• [Exercise]: Only some lines are wanted. Transcribe, exactly, the lines below from the line with "MAWIRON Battery chainsaw, mini" up to and including the line with "Baumwolle 100% Blätter".

Data items:
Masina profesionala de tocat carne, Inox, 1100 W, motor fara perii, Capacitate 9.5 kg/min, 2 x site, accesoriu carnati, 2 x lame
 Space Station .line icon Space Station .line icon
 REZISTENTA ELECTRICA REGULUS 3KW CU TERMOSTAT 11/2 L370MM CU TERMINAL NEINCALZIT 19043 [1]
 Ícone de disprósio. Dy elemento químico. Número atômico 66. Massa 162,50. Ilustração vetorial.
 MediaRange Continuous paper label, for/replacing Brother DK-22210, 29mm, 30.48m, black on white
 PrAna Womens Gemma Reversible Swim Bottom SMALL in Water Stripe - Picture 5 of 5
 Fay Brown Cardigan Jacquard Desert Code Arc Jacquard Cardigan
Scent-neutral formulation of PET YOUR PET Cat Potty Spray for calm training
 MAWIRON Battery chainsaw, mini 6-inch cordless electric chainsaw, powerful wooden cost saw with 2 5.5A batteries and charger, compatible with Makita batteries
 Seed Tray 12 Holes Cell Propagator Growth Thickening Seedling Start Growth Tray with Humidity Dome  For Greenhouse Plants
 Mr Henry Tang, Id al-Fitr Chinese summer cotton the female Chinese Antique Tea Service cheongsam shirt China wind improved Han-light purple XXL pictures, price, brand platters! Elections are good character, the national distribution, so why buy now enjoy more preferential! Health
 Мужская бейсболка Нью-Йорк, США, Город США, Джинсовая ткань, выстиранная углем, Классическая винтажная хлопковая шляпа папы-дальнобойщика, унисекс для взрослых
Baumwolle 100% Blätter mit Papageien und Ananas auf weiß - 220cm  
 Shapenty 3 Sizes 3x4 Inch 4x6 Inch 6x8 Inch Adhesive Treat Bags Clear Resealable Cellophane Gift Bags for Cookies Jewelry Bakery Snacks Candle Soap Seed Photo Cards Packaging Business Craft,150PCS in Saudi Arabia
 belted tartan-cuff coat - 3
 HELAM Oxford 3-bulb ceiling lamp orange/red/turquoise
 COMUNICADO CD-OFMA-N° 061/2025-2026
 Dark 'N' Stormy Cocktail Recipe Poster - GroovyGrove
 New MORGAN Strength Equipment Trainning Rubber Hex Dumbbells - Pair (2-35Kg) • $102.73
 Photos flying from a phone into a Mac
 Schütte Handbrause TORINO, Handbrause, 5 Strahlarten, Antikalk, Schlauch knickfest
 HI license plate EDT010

• [Solved exercise]:
 MAWIRON Battery chainsaw, mini 6-inch cordless electric chainsaw, powerful wooden cost saw with 2 5.5A batteries and charger, compatible with Makita batteries
 Seed Tray 12 Holes Cell Propagator Growth Thickening Seedling Start Growth Tray with Humidity Dome  For Greenhouse Plants
 Mr Henry Tang, Id al-Fitr Chinese summer cotton the female Chinese Antique Tea Service cheongsam shirt China wind improved Han-light purple XXL pictures, price, brand platters! Elections are good character, the national distribution, so why buy now enjoy more preferential! Health
 Мужская бейсболка Нью-Йорк, США, Город США, Джинсовая ткань, выстиранная углем, Классическая винтажная хлопковая шляпа папы-дальнобойщика, унисекс для взрослых
Baumwolle 100% Blätter mit Papageien und Ananas auf weiß - 220cm  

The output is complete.